Dia 3. Nunca me senti tão feliz de fazer um check-out num hotel. Até dinheiro nos roubaram nessa altura, mesmo à frente dos nossos olhos... Mas a verdade é que estávamos livres de um pesadelo, e prontos para mais um dia de aventura que, apesar de ser o último e de marcar por isso o inadiável regresso a Luanda, teria muito ainda para viver e contar. O destino mais próximo: as pedras negras de Pungo Andongo. Chegando ao Cacuso, onde parámos de novo mas desta vez para visitar o mercado (muito) local, viramos para sul rumo ás Pedras Negras. Vêm-se ao longe, como se estivessem à distância de braço e quase as pudéssemos tocar. Mas o caminho, esse, seria bem mais longo do que parecia...

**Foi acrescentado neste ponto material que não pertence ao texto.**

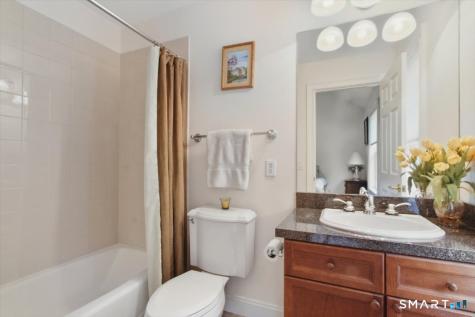 21 Crestview Lane Danbury CT 06810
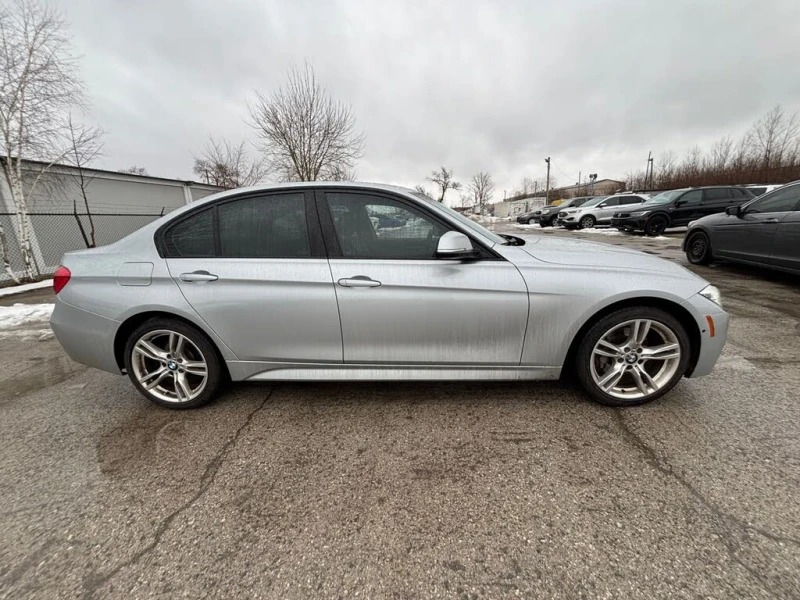 BMW 330 xDrive* АвтоКредит* (Цена до БГ) , снимка 4 - Автомобили и джипове - 53560434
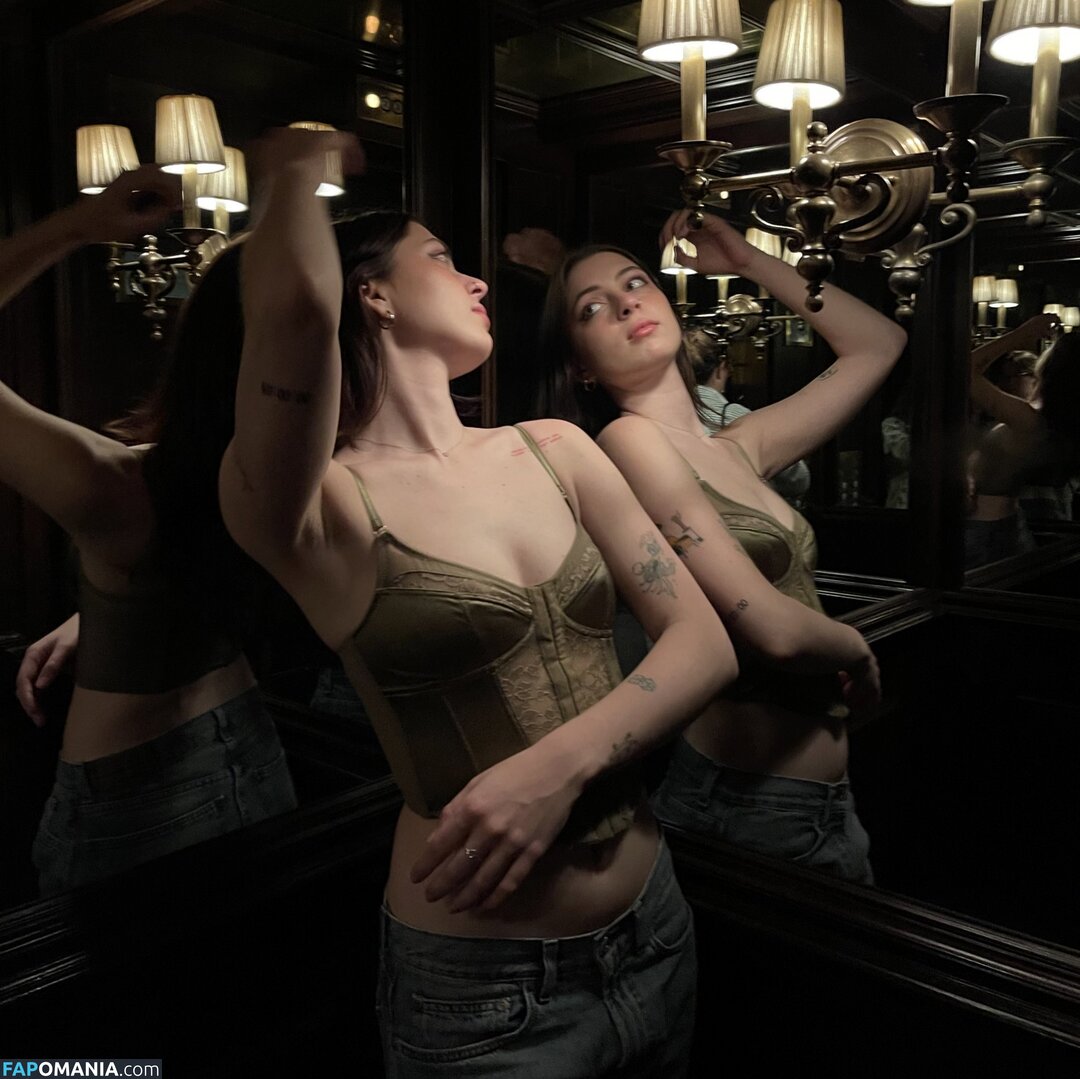 Lizzy McAlpine / jesus_yo / lizzymcalpine Nackt OnlyFans  Geleaktes Foto #20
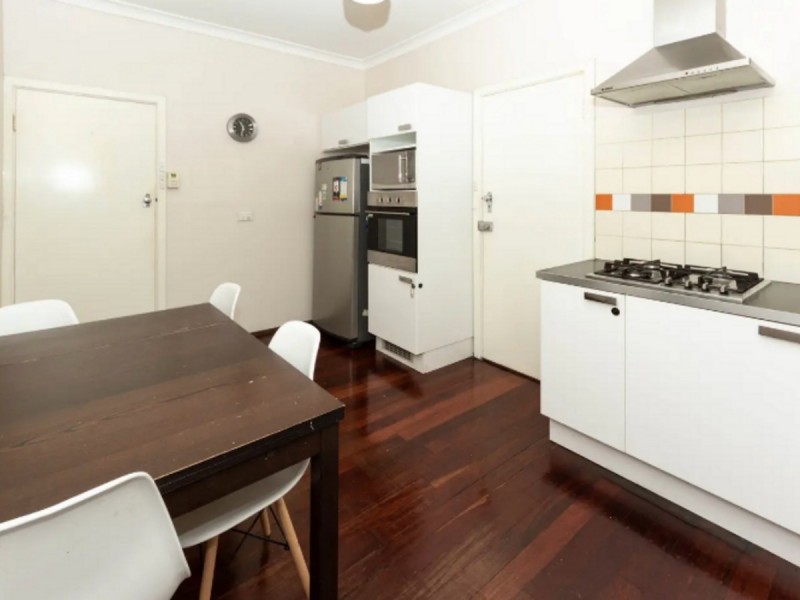 15 Crellin Way, Cloverdale WA 6105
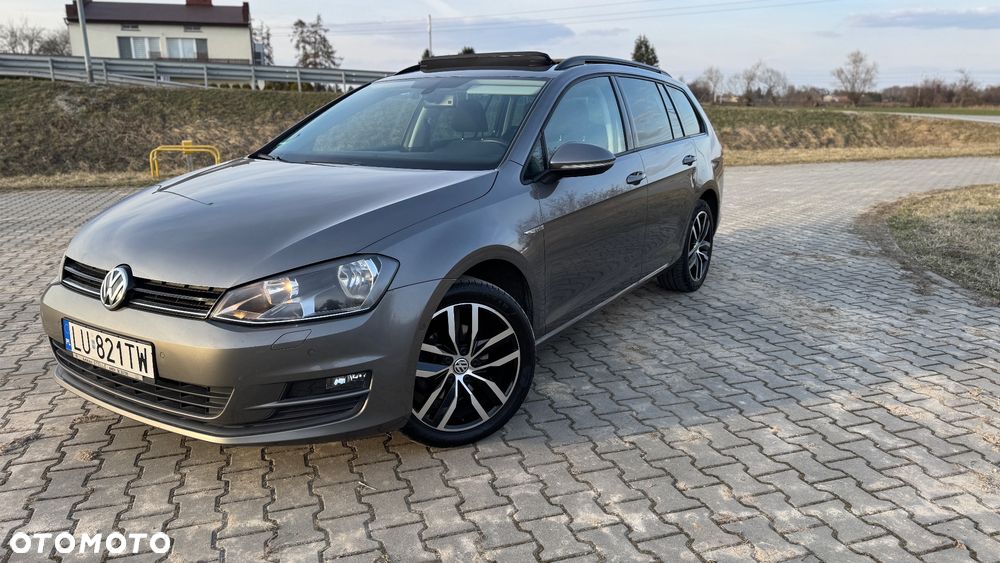Volkswagen Golf 2.0 TDI BlueMotion Technology Cup - 1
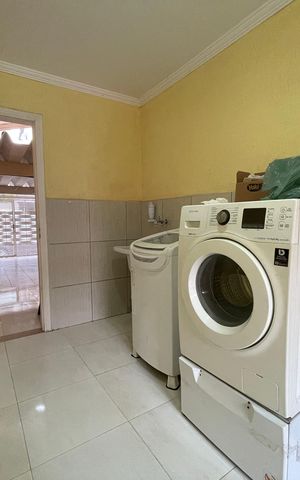 Casa à venda com 165m², 3 quartos e 2 vagas Casa à venda com 165m², 3 quartos e 2 vagasÁrea de Serviço
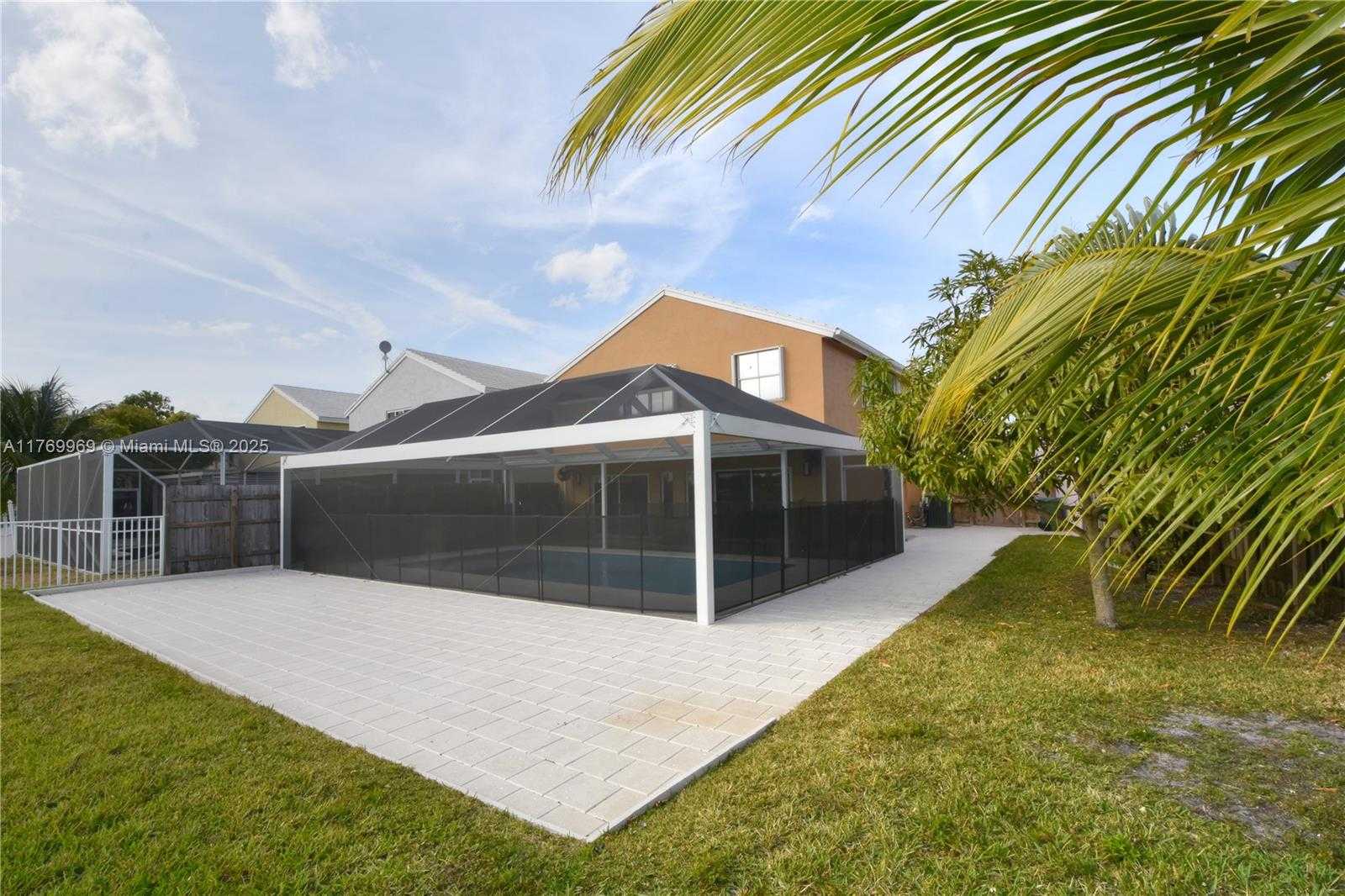 Small Image of 6450 BUENA VISTA DR, Margate Number 56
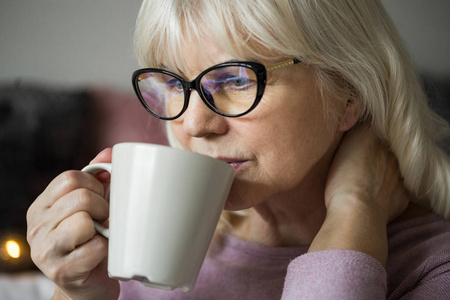 玻璃杯茶的沉思高级女士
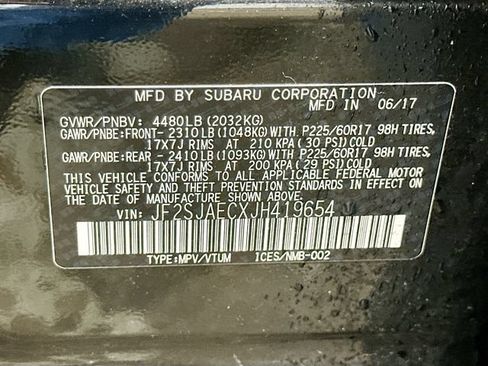 Used 2018 Subaru Forester 2.5i Premium w/ All-Weather Package AWD/4WD image 29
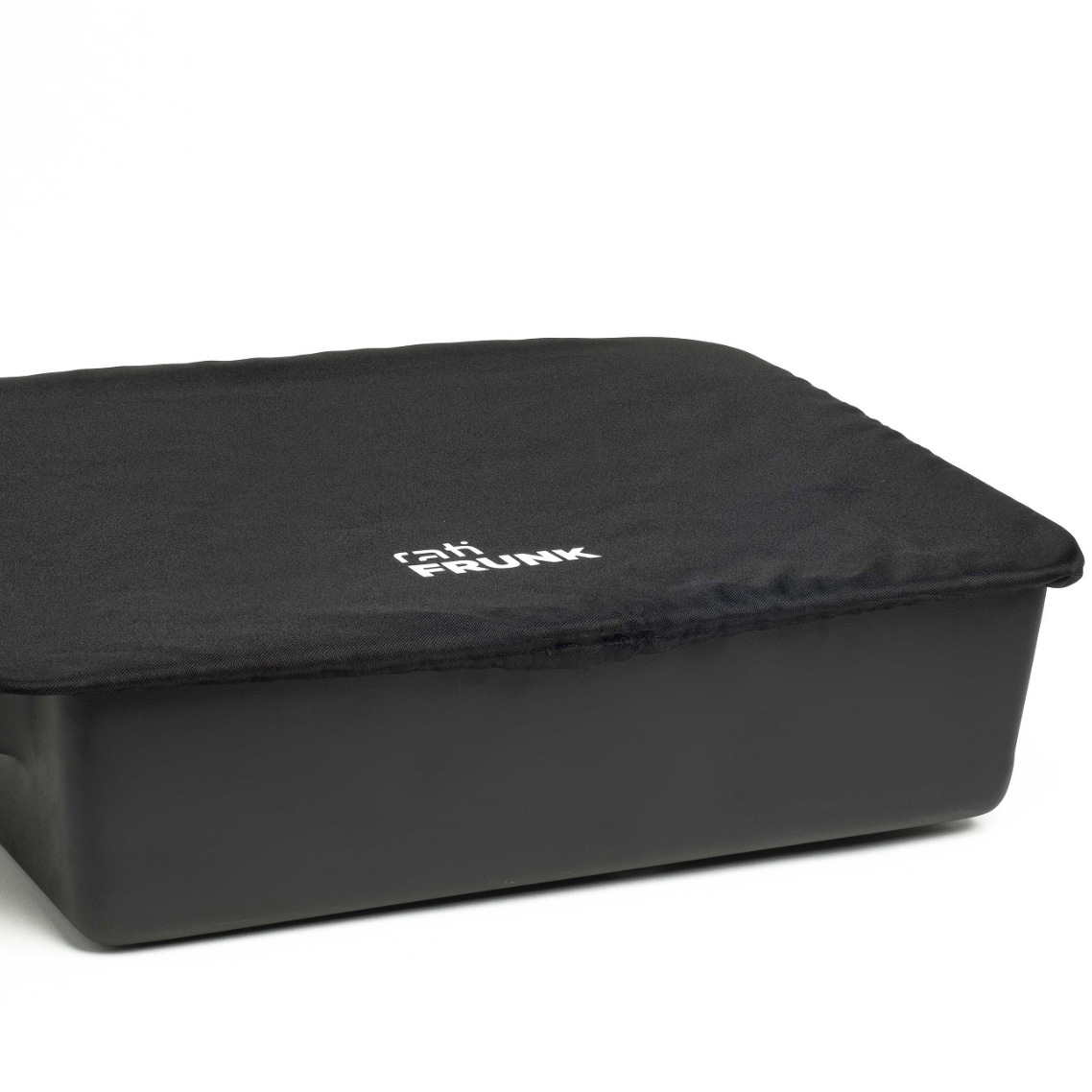 Rati Frunk Aufbewahrungsbox mit schwarzer Schutzkappe und Logo
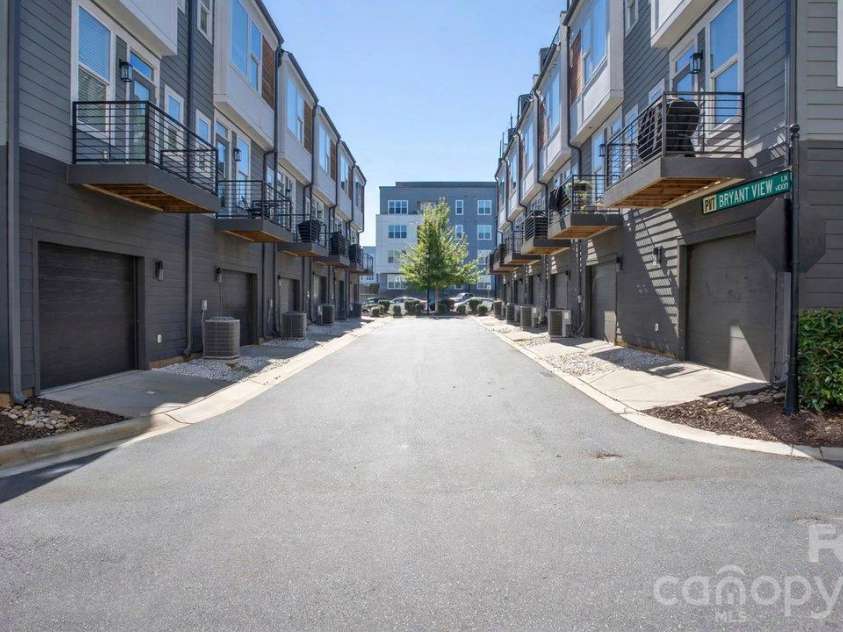 2135 Bryant Park Drive, Charlotte, NC 28208.  MLS# CAR4438170, YatesRealty ID 58789. 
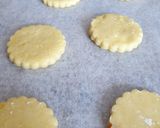 Hình bước làm 3 của món Cookie trứng muối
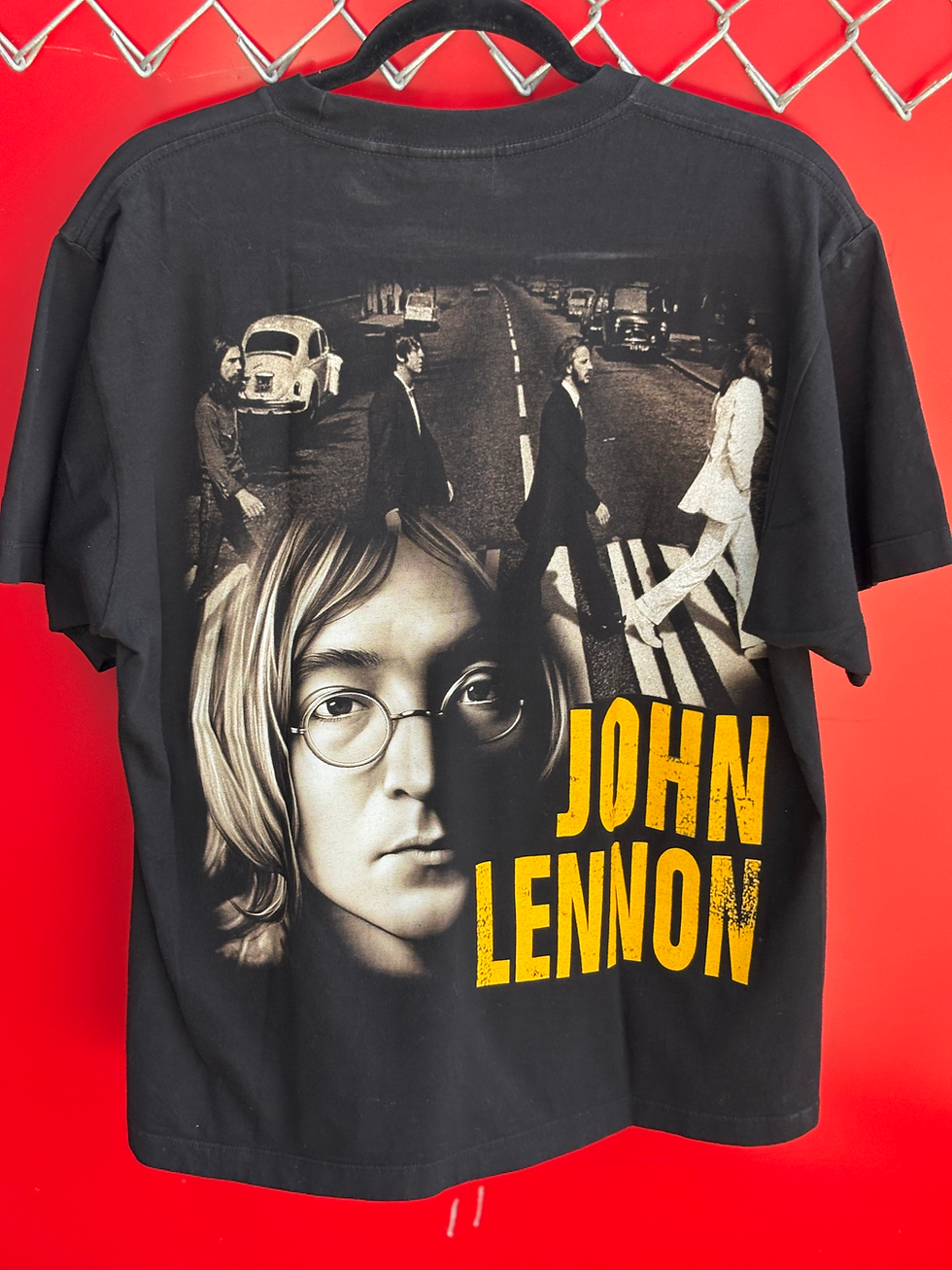 Thumbnail: John Lennon T-shirt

Chegamos a Pungo Andongo. Uma povoação escondida no seio das pedras altas, e que nos faz logo pensar que foram as próprias rochas que nasceram em sua volta como muralha para a proteger do resto do mundo. Três ou quatro casas, uma igreja em ruínas, um posto médico e uma escola renovada... quase como uma miragem impossível... como é possível existir vida ali? Mas existe.
Compreendi que ainda se pode encontrar em Angola a harmonia entre o homem e a natureza. O sentimento de protecção divina, de misticismo em todo o seu esplendor. Local de história e de estórias, de lendas de rainhas, de batalhas e de conquistas, de plantações de café e de trabalho na terra. Refúgio de vida enriquecida por todo um passado que aqui ainda está bem presente e que cresce em vivências de outras histórias. Local que não se esquece e que nos conquista o coração quando através dele subimos lá no alto e vemos tudo o nada que é tanto e que existe à sua volta. Sem palavras, só silêncio e pedra e um grito que ecoa e nos chega suavemente de volta ao coração.
Foi o local mais belo que encontrei até hoje em Angola. Talvez o mais belo e puro de tudo o que já encontrei em vida e em todos os lugares por onde passei. Difícil de superar pela sua beleza sagrada e que nos traz a paz à alma, como uma prece que ali é ouvida e tão gentilmente concedida. Senti ali que estive para lá das nuvens, e bem mais perto do céu.
Já a lua ia bem alta quando chegamos a Luanda. Cansados, mas com um brilho no olhar pelas imagens que trazemos connosco em constantes e doces lembranças.
Foi com um feliz pensamento de regressar um dia com mais tempo que adormeço. Nessa noite sonhei que voava sobre as pedras de Pungo Andongo e que deslizava depois nas águas de Kalandula, em serenidade e calma como uma criança renascida. Tivesse eu asas para lá ir sempre que pudesse…
Mas em Angola as coisas mais belas são aquelas que o homem não consegue nunca destruir: água que cai e pedra que fica. Sei por isso que estes dois elementos vivos da natureza ficarão para sempre, tal como ficaram dentro de mim, em eterna recordação de momentos e de amizades vividas.